Reviewed by Colin Jacobson (January 21, 2020)
With 2019’s Harriet, we get a biopic about legendary freedom fighter Harriet Tubman. Initially set in 1849, Araminta “Minty” Ross (Cynthia Erivo) serves as a slave on a plantation owned by Edward Broadess (Michael Marunde).
Although Edward’s great-grandfather decreed that Minty’s mother Rit (Vanessa Bell Calloway) and all her children be freed when she turns 45, Edward refuses to do so. When Minty’s free husband John Tubman (Zackary Momoh) presents a legal letter that demands their release, Edward simply tears up the missive and continues to keep Minty and the others captive.
After Edward dies, his son Gideon (Joe Alwyn) views Minty as a troublemaker and plans to sell her. Rather than suffer this form of separation from her family, Minty flees north.
Minty makes it to Philadelphia and adopts the name “Harriet Tubman”. As she creates a new life, she remains determined to free her family, a desire that sends her back south to rescue them.
After one successful mission, Harriet finds her calling. She becomes a notorious “conductor” in the Underground Railroad and takes many slaves to their freedom.
With a movie such as Harriet, it can feel sacrilegious to offer too much criticism. Given the beyond reproach nature of its lead and the message it imparts, negative comments can seem unseemly.
But I’ll go there anyway.
At all times, Harriet offers a respectful, well-meaning movie that seeks to impart its main character’s greatness – and that’s the problem. The filmmakers appear so focused on Tubman the Legend that they fail to explore Tubman the Person.
Harriet believes she receives messages from God, and the film never really seems to question this. Oh, we learn that she suffered a severe head injury as a child, and this leaves the impression that her “visions” might really be seizures, but that’s a minor aside.
Instead, the film treats Harriet’s divine visuals as fairly literal, and this leads to perplexing scenes. For instance, Harriet leads an escape party across an apparently impassable river.
As she wades across, Harriet pauses to get another vision from God, and then she makes it the rest of the way. Did God raise the riverbed in those moments, and less divinely-guided people would’ve drowned?
Even without these odd scenes, Harriet suffers from its refusal to paint Tubman as anything other than a flawless missionary for good. Make no mistake: Tubman was a remarkable person who led an amazing life.
That doesn’t mean she lacked nuances and humanity, though. Harriet seems afraid to give its lead any kind of real depth or doubts, and that feels like a mistake.

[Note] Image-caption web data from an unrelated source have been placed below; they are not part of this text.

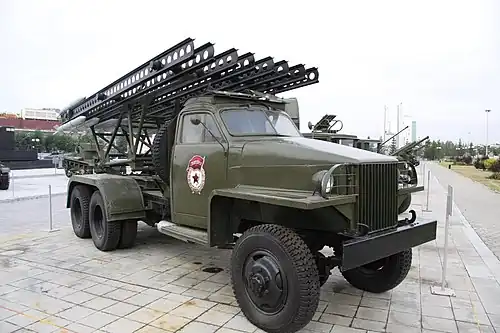 BM-13N Katyusha on a Lend-Lease Studebaker US6 truck, at the UMMC Museum Complex, Verkhnyaya Pyshma, Russia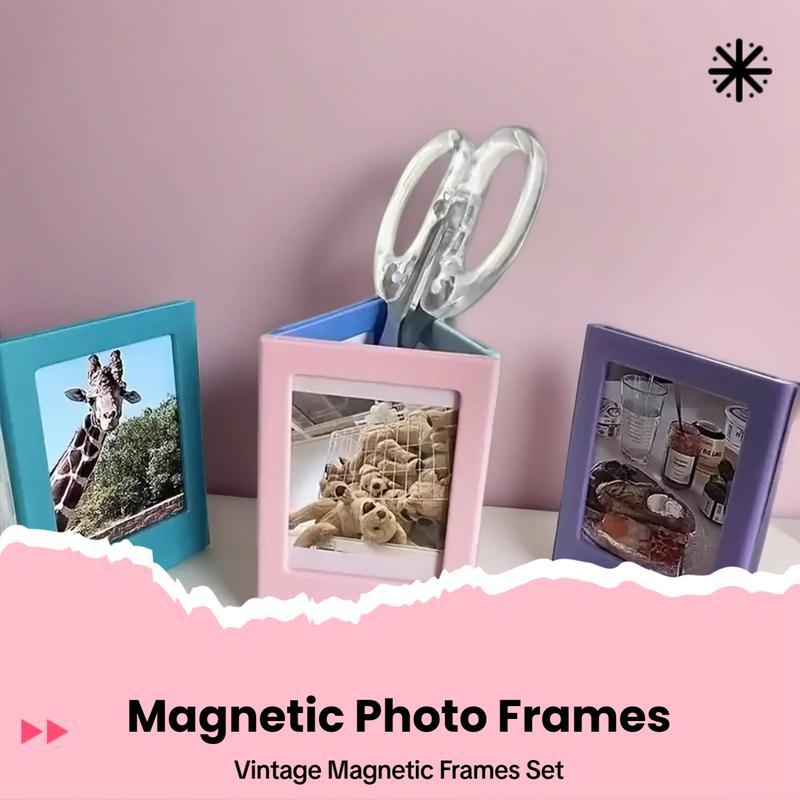10PCS 3-Inch Magnetic Fridge Frames - Random Color Fujifilm Photo Holders, Retro Durable Frame with Smooth Edge, Home/Office Decor, Black Friday Deal: Fridge Magnet Photo Displays, Ideal Holiday/Birthday Gift for Photographers, Picture Frame Set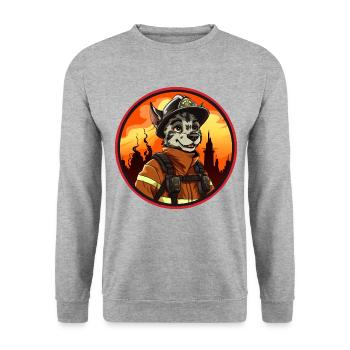 Fire Brigade Hyenas - Unisex Sweatshirt - salt & pepper - Front - Alina (178cm) & Michal (187cm)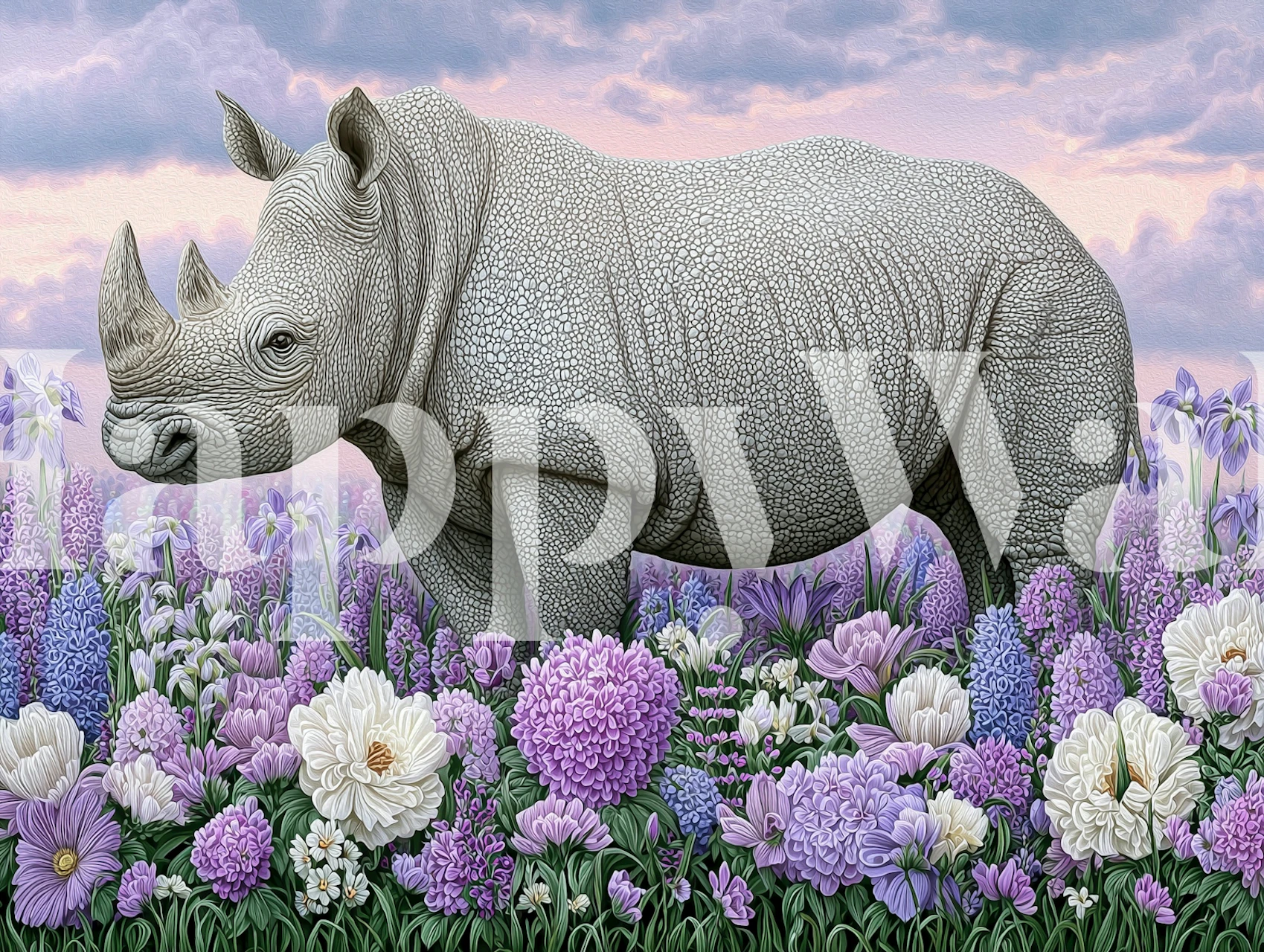 Rhino wallpaper in room with purple flowers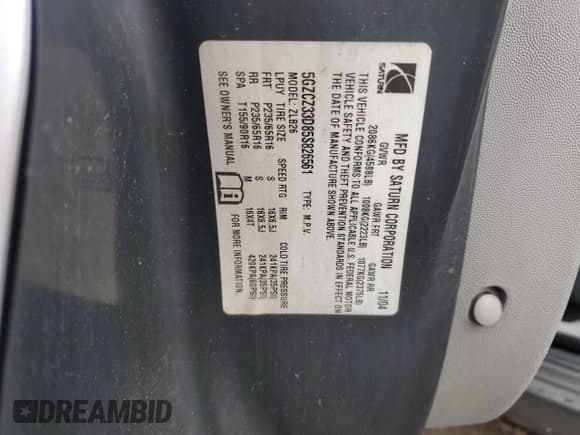 ✅ 2005 Saturn VUE • VIN: 5GZCZ33D85S826561 • Lot: 83586104. Wystawiony na Copart z przebiegiem 144 619 mil. Bezpłatny archiwum sprzedaży aukcyjnych z USA i szczegółowy raport historii pojazdu na DreamBid. Zdjęcie 12.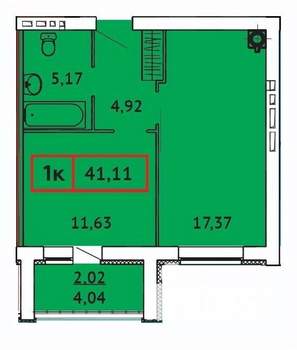 1-к квартира, строящийся дом, 41м2, 6/9 этаж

It reminds me of 1988’s Last Temptation of Christ. Much of that movie’s appeal came from the way it portrayed Jesus as a character with real humanity and not just the perfect being we usually see.
None of that comes across in Harriet. Tubman never appears to harbor any doubts, and she never seems tempted to simply enjoy her freedom.
This means we never get any real sense of struggle or pain. We often hear of the deadly challenges Tubman encounters, but we don’t feel any of that.
Tubman accomplishes her goals with relative ease against various threats, none of which act as true impediments. Granted, history means we know Harriet will succeed, but the film still could’ve created a stronger impression of menace.
Among the movie’s liberties, the most damaging comes from the use of Gideon as our One Size Fits All villain. Gideon didn’t exist so the film created him just to be a concrete antagonist.
Alwyn portrays him as a nearly literal moustache-twirling baddie, and his scenes become nearly comical in their cliché manner. Tubman’s life brought more than enough real drama, so the filmmakers didn’t need to invent a stock villain to convey these elements.
At all times, Harriet brings a professional affair. Led by a steady, earnest performance from Erivo, the actors largely do well.
Well-intended as it may be, though, Harriet seems oddly bloodless and flat. This often feels like glorified TV movie fare, as it lacks depth and much impact.